At the quarter mile mark my legs were slowing down and my lungs were burning. I stared at the sign in disbelief – surely I had tone farther than the equivalent of one lap around a track. Were my eyes playing tricks on me?

Screen Shot 2014-09-30 at 8.55.11 PMBy the time I hit the halfway point, I was gasping for breath. In all of the distances I’ve completed to date, this measly mile had quickly become my most difficult. My chest and lungs were killing me. I just wanted to finish.

Miraculously in the final quarter mile, with the finish line in sight, I trained my sights on a runner ahead of me who appeared to be struggling too. From the safety of the finish area I looked behind me, not exactly sure what I’d see. Though there were some runners still making their way across the mats, I felt no comfort in knowing I hadn’t finished dead last. Gasping for breath, I half expected to see my old classmates milling around – I felt as though I had traveled through time back to Woodrow Wilson Elementary School.

The burning sensation in my lungs was real and painful. Initially I felt completely dejected. But as I headed back north I tried to wrap my head around the surreal experience.

As reality set in, I realized that I had let my mind get the best of me, and I’d started out too fast.
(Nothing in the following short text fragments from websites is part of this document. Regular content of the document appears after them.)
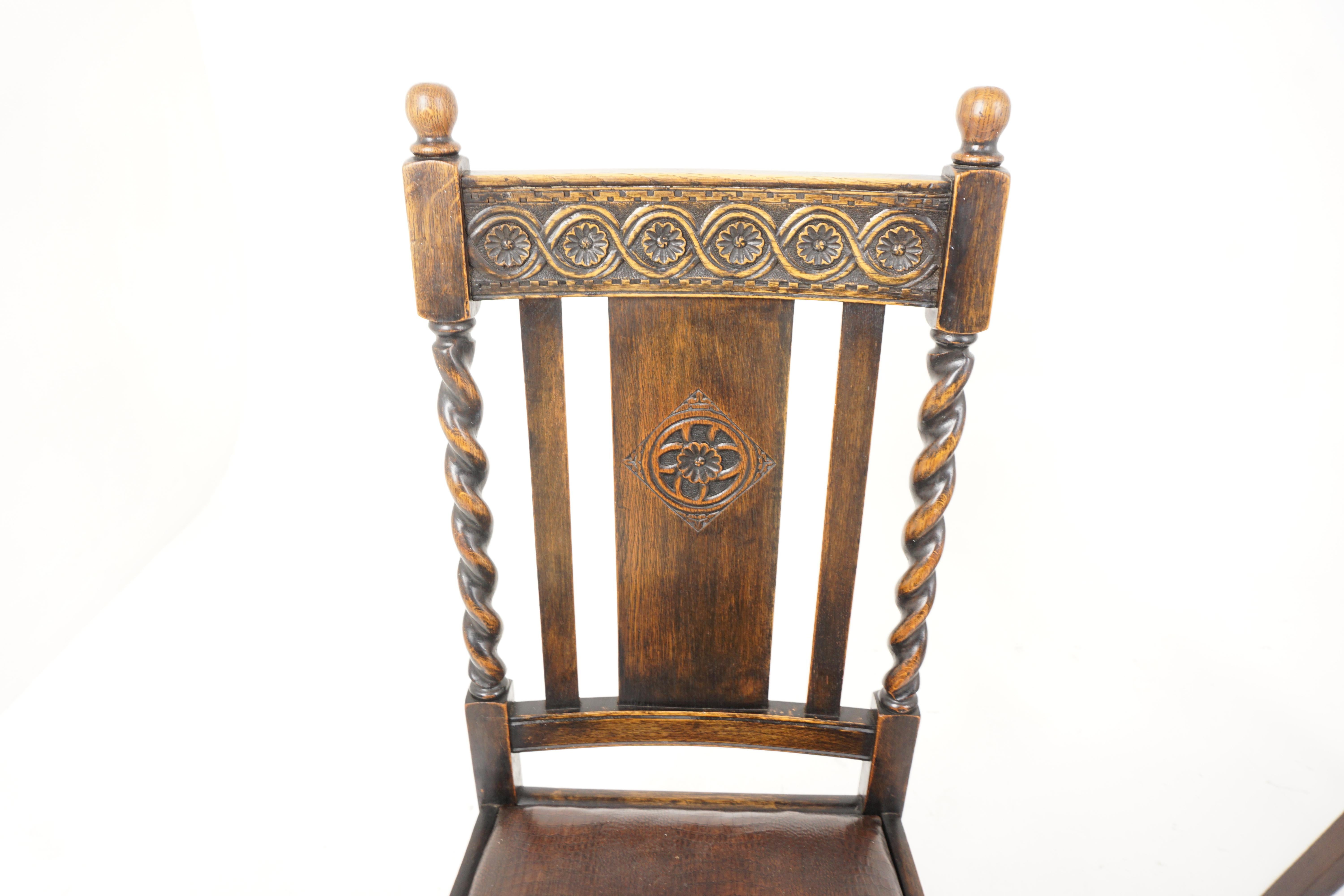 Antique Dining Chair, Set of 6, Carved Oak, Barley Twist, Scotland 1910, B2646   1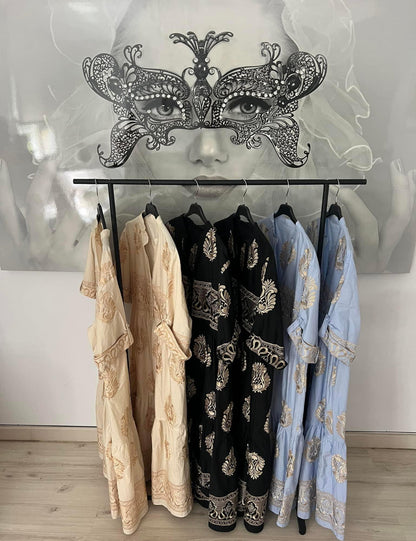 greek style embroidered dress Greek Goddess Dress, Gold Foil Meander, Summer Midi Dress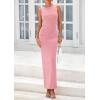 imagePRETTYGARDEN Womens 2025 Summer Semi Formal Midi Dresses Sleeveless Ruched Bodycon Long Elegant Cocktail Wedding Guest DressPink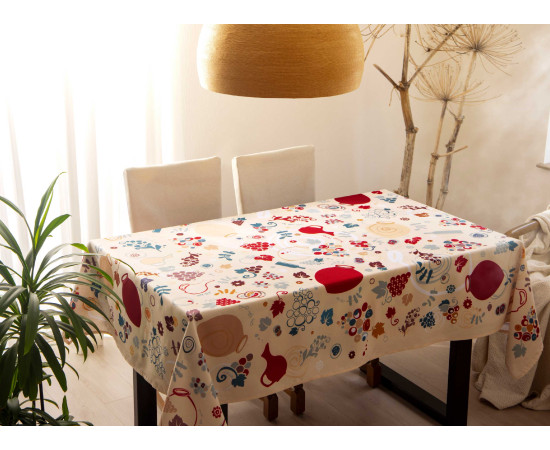 Tablecloth - Qvevrebi - White, ზომა: 140 x 140 სმ, Material: Polyester
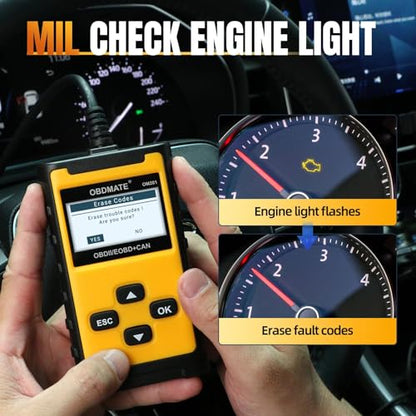 Check Engine Code Reader, OBDMATE OM201 OBD2 Diagnostic Tool | Clearing Faulty Codes with Wireless Printing | Graphic Live Data | EVAP Test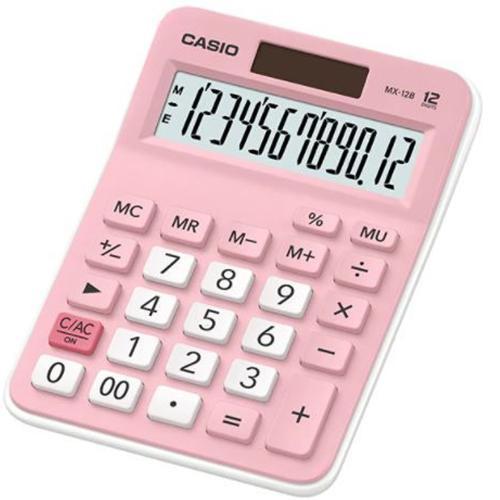 Casio Hesap Makinesi Masa Üstü 12 Hane Pembe Mx-12B-Pk - - Casio - Fiy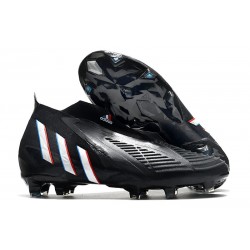 adidas Predator Edge+ FG Crampons Noir Blanc Rouge Vif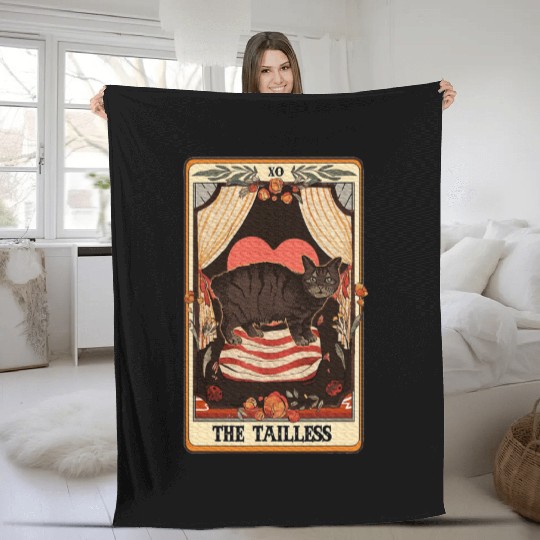 The Tailless Tarot Card Manx Cat Lover Manx Cat Fleece Blankets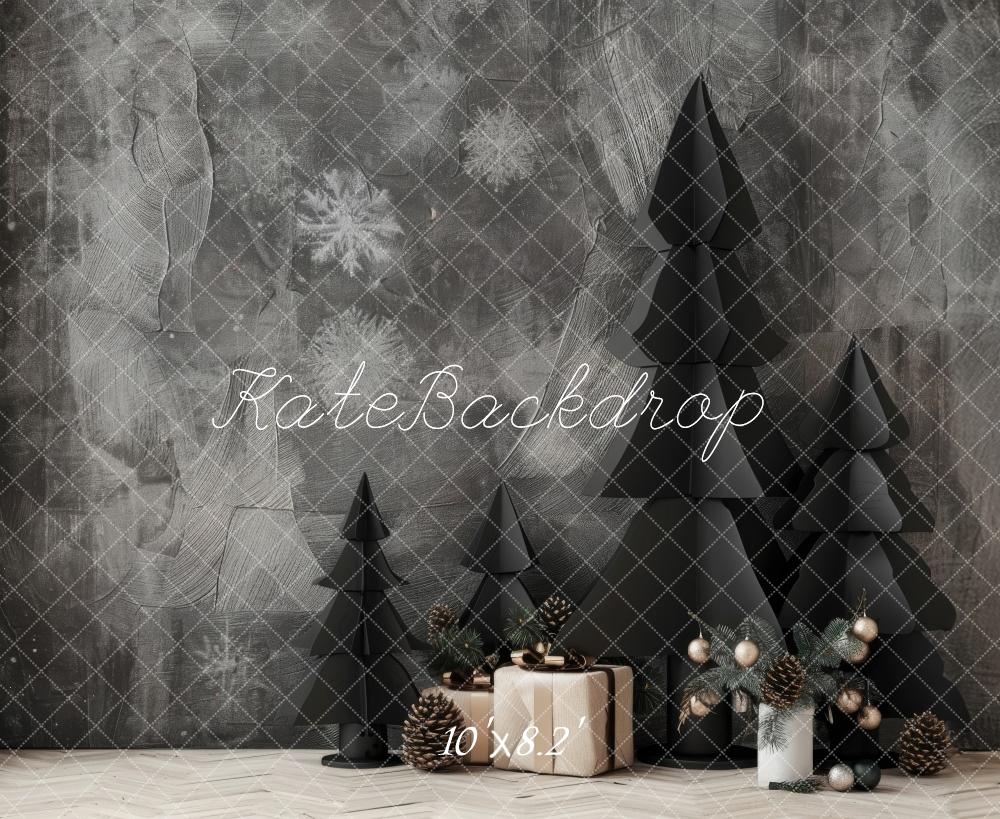 Kate Arbres de Noël Flocons de neige Gris Toile de fond conçue par Lidia Redekopp - Kate Backdrop FR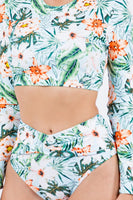 TWO PIECE FLORAL PRINTS LONG SELEEVES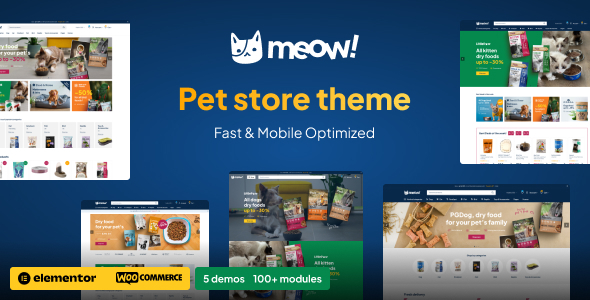 Meow! – Pet Care & Pet Shop Elementor WordPress WooCommerce Theme 2.6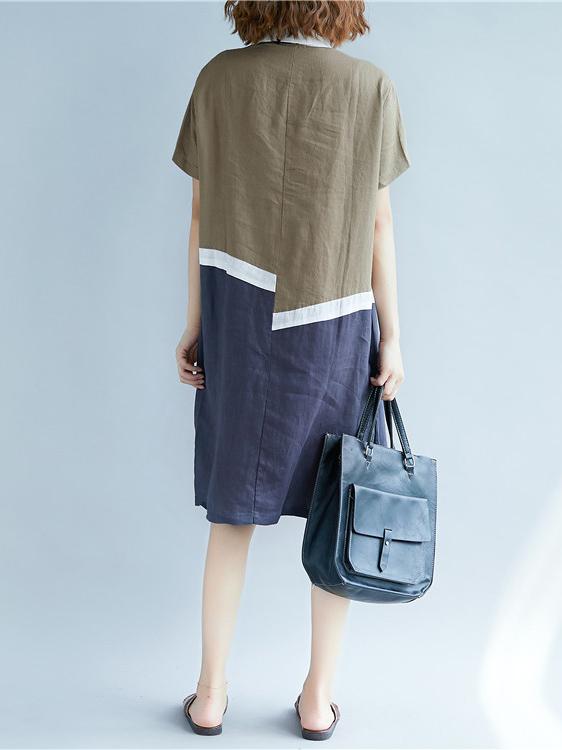 Loose Split-joint Shirt Dress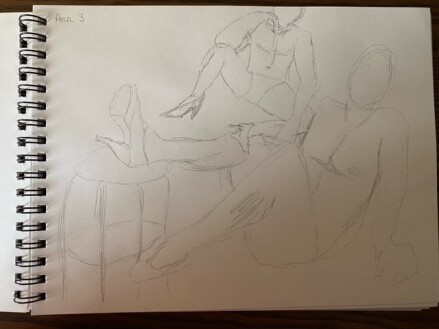 Paul in two poses: 3-minute timed pencil sketches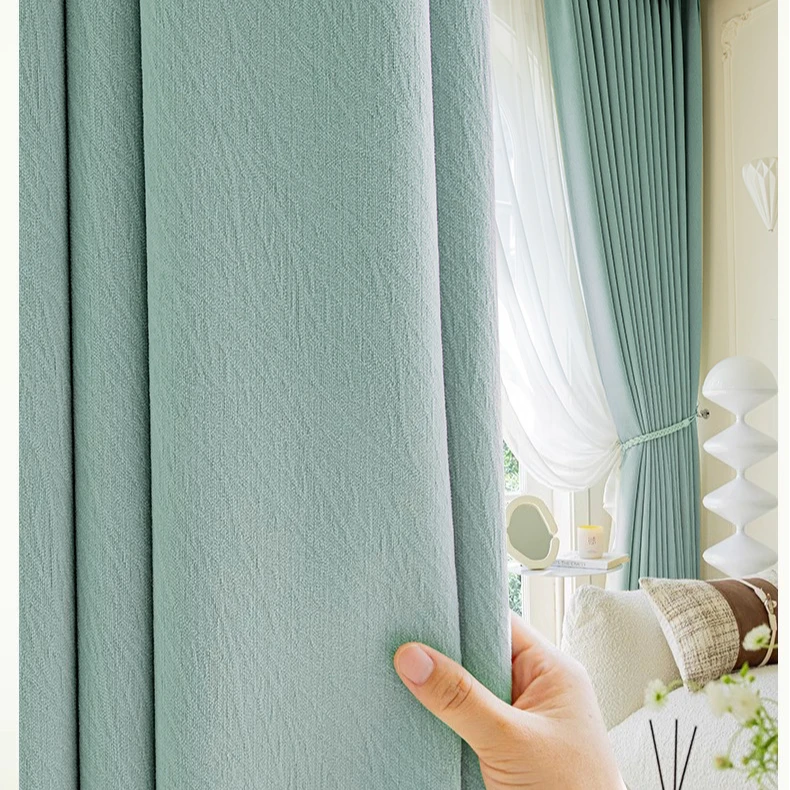 卧室高级感窗帘遮光2025新款芝士羊绒西尔黛蓝轻奢现代简约雪尼尔
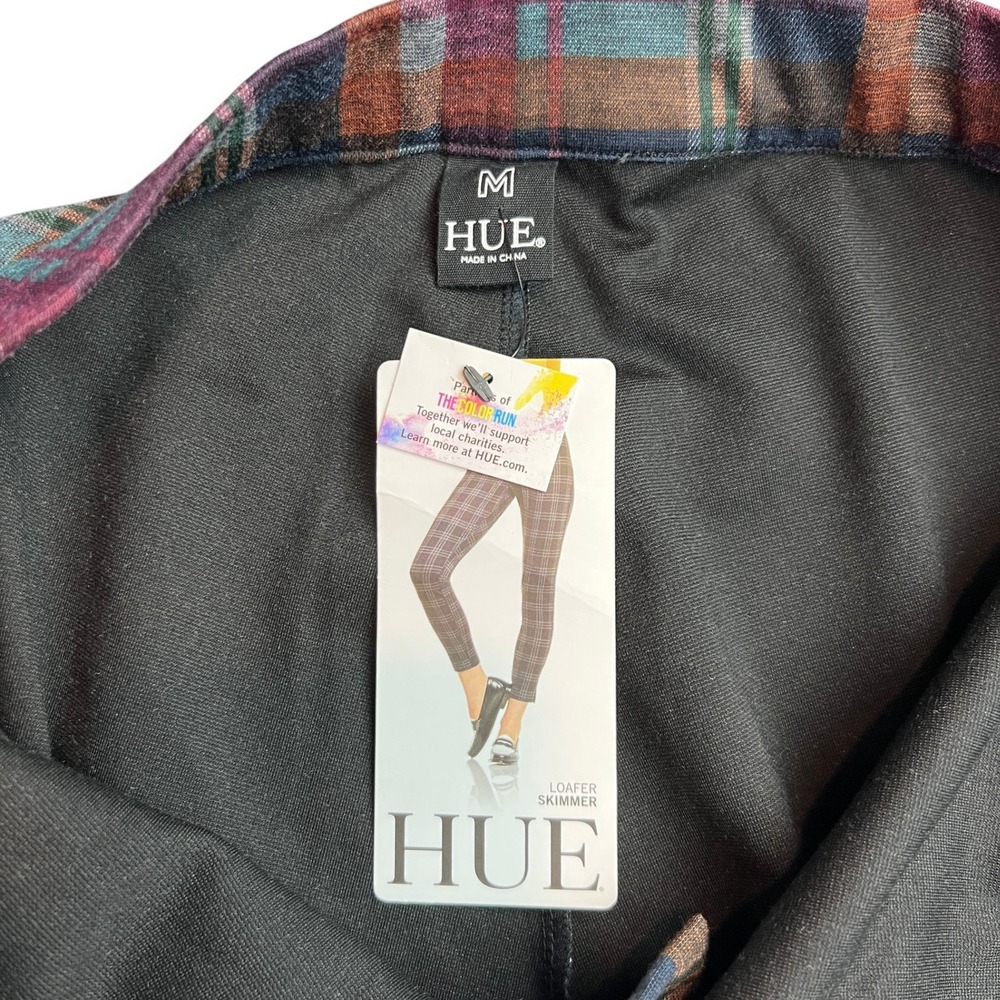 NWT HUE Tartan Loafer Skimmer Leggings Womens Size M Multi Plaid Preppy Academic
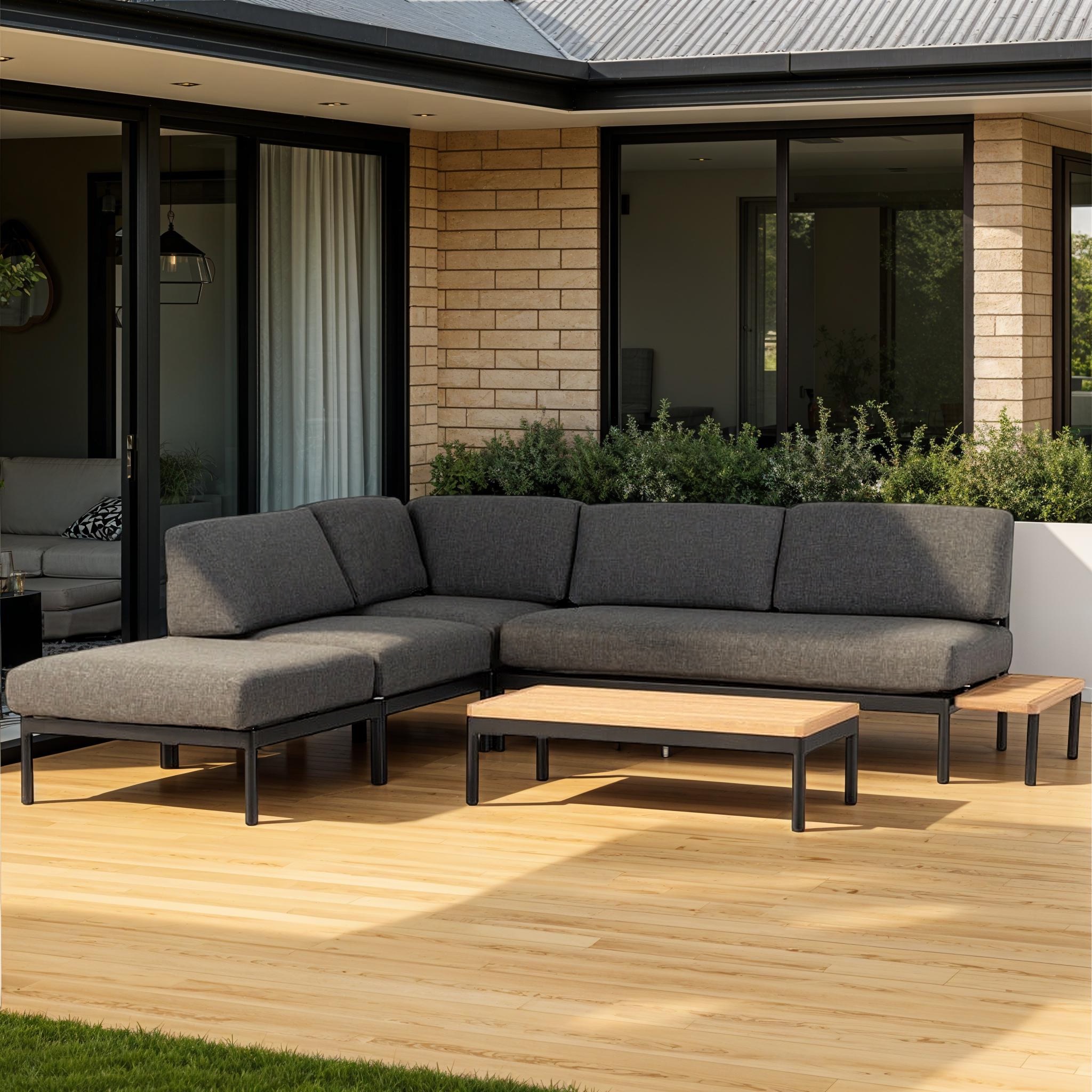 Cayman 6 Piece Outdoor Lounge Set with Coffee Table, Black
Had I eased into the race – even a little – I probably would have fared better. I also should have considered practicing some mile intervals, so I had a better sense of what to expect. While I had enjoyed improving on the 800 intervals in my marathon training plan, they didn’t prepare me to properly pace a fast mile.

Screen Shot 2014-09-30 at 8.53.45 PMIn addition to the obvious takeaways, I was also left with a number of questions. Why had my lungs burned – was it a function of hitting my VO2 max threshold to an extent I hadn’t previously done? Was the mile a distance that my frame and body just isn’t wasn’t meant to run well?

Despite feeling like the longest mile I’ve ever run, my official time of 7:06 revealed it had actually been my fastest. Ever. It may not have been the prettiest performance, but I survived.

Yes, I finished toward the back of the pack – just like when I was ten. But the intervening decades has given me the perspective to appreciate what really matters: the true enjoyment derived from running comes from within. Armed with a new distance PR to improve upon, I look forward to taking on the mile next year with the wisdom that only comes from experience, practice and, of course, age.